Concurrency level is 10, it means at any given point of time Segment array size will be 10 or greater than 10, so that 10 threads can able to write to a map in parallel.
But how to calculate segment array size —
Segment array size = 2 to the power x, where result should be ≥ concurrencyLevel (in our case it is 10)
Segment array size = 2 ^ 4 = 16 ≥ 10 which means Segment array size should be 16.
Another Example:-
concurrenyLevel = 8 then Segment array size = ?
Find 2 ^ x ≥ 8
2 ^ 3 ≥ 8
Segment array size will be 8.
Now when one knows how to calculate segment array size the immediate question can come what would be the size of internal hashmap in a segment.
As shown in diagram above each index of Segment array is a HashMap and In a HashMap the bucket/array is of class Entry[] and in ConcurrentHashMap the array is of class HashEntry[] (In Java 8, It is a tree structure instead of linked-list). So the size of HashEntry[] is
HashEntry[] array size = 2 ^ x ≥ (initialCapacity / concurrencyLevel)
For Example —
ConcurrentHashMap map = new ConcurrentHashMap(64, 0.75f, 8)

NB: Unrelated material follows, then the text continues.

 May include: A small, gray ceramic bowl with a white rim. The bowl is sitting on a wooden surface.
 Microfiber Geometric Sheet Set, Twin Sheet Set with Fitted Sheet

HashEntry[] array size = 2 ^ x ≥ 8 (64/8)
Find 2 ^ x ≥ 8
2 ^ 3 ≥ 8 ≥ 8
HashEntry[] array size will be 8.
It means there will always be capacity of 8 key-value pairs each segment will have in ConcurrentHashMap after its creation.
LoadFactor and Rehashing
ConcurrentHashMap has loadFactor which decides when exactly to increase the capacity of ConcurrentHashMap by calculating threshold (initialCapacity*loadFactor) and accordingly rehashing the map.
Basically, Rehashing is the process of re-calculating the hashcode of already stored entries (Key-Value pairs), to move them to another bigger size map when Load factor threshold is reached. Also It is not only done to distribute items across the new length map, but also when there are too many key collisions which increases entries in one bucket so that get and put operation time complexity remains O(1).

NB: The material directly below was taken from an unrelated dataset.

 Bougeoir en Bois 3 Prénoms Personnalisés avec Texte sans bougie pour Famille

In ConcurrentHashMap, Every segment is separately rehashed so there is no collision between Thread 1 writing to Segment index 1 and Thread 2 writing to Segment index 4.
For Example:- If say Thread 1 is putting data in Segment[] array index 3 and finds that HashEntry[] array needs to be rehashed due to exceed Load factor capacity then it will rehash HashEntry[] array present at Segment[] array index 3 only. HashEntry[] array at other Segment indexes will still be intact, unaffected and continue to serve put and get request in parallel.
I believe this should help in understanding the implementation and internal working of ConcurrentHashMap.